Mar. 26, 1998 By DAVID WILLIAMSON
UNC-CH News Services
CHAPEL HILL -- Screening for mutations in a gene known as BRCA1 that is believed to predispose women to breast cancer should not be done routinely because the mutations are less prevalent than researchers thought, according to a new study.
Widespread screening of breast cancer patients or unaffected women in the absence of family history would waste considerable money and is more likely to yield results that are hard to interpret, say scientists at the universities of North Carolina at Chapel Hill and Washington at Seattle. Testing may be helpful for women from families in which both breast and ovarian cancer have occurred or in which at least four cases of breast cancer have been identified.
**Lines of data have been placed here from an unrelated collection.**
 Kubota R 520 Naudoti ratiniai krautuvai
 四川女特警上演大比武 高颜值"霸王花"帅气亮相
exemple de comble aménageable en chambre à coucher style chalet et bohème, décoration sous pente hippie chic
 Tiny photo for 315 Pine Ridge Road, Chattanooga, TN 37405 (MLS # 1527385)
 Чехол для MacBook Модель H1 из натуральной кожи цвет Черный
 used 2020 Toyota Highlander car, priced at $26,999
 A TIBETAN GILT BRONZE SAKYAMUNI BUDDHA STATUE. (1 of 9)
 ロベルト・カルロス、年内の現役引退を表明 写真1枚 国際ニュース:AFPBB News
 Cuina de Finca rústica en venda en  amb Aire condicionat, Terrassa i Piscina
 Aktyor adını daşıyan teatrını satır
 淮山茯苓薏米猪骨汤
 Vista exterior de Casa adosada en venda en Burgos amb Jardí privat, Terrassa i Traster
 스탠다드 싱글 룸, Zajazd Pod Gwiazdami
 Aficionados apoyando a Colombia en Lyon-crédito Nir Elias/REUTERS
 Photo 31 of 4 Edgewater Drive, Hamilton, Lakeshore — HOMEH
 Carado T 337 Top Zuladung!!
"Women who inherit an altered form of this gene from either parent are at increased risk of breast cancer sometime during their lives," said Dr. Beth Newman, assistant professor of epidemiology at the UNC-CH School of Public Health. "Most previous comparable research took place among patients attending specialized cancer clinics so it was estimated that between 11 percent and 20 percent of women carried a defective gene. We found the frequency of breast cancer due to BRCA1 to be considerably lower than that."
For the first time, Newman and colleagues studied women with breast cancer who were not selected on the basis of their age at diagnosis or their family medical history to develop a better estimate of how common mutations in the gene were. Included were 211 N.C. breast cancer patients, ages 20 to 74, and 188 women without the illness who served as controls. About half the subjects were white, and about half were black.
A report on the findings appears in Wednesday's (March 25) issue of the Journal of the American Medical Association.
Besides Newman, a member of the UNC Lineberger Comprehensive Cancer Center and lead investigator, authors include Drs. Robert C. Millikan and Patricia G. Moorman, assistant professors of epidemiology at UNC-CH and Yale University, respectively, and graduate student Lesley M. Butler. Drs. Hua Mu and Mary-Claire King of the University of Washington at Seattle also participated.
The study involved screening the entire sequence, or structure, of the BRCA1 gene in patient blood samples to determine the prevalence of mutations. They found 3.3 percent of white patients carried the mutation, and no black patients did. Overall, 2.6 percent of subjects were carriers.
As expected, the research showed that inherited BRCA1 mutations were more common in high-risk families -- those in which several women had developed breast or ovarian cancer. In white women, the prevalence of inherited mutations was 23 percent for cases with family histories of ovarian cancer, 13 percent for cases from families with at least four cases of breast cancer and 33 percent for cases from families with both breast and ovarian cancer and at least four affected relatives.
"We conclude that widespread screening for inherited susceptibility to breast cancer is just not warranted yet," Newman said. "It makes sense only in very select subgroups."
A special concern is that women who carry a mutated form of BRCA1 may be denied health or life insurance or jobs if it becomes known they are carriers, she said. Being a carrier does not necessarily mean a woman will develop breast cancer even though the gene boosts her chances.
King, Newman and others then at the University of California at Berkeley mapped the BRCA1 gene in 1990. University of Utah and National Institute of Environmental Health Sciences researchers cloned the gene about four years later.
The researchers now are studying the prevalence of a second breast cancer gene called BRCA2. Scientists suspect other breast cancer genes exist but have not found them yet. The National Institutes of Health supports the studies.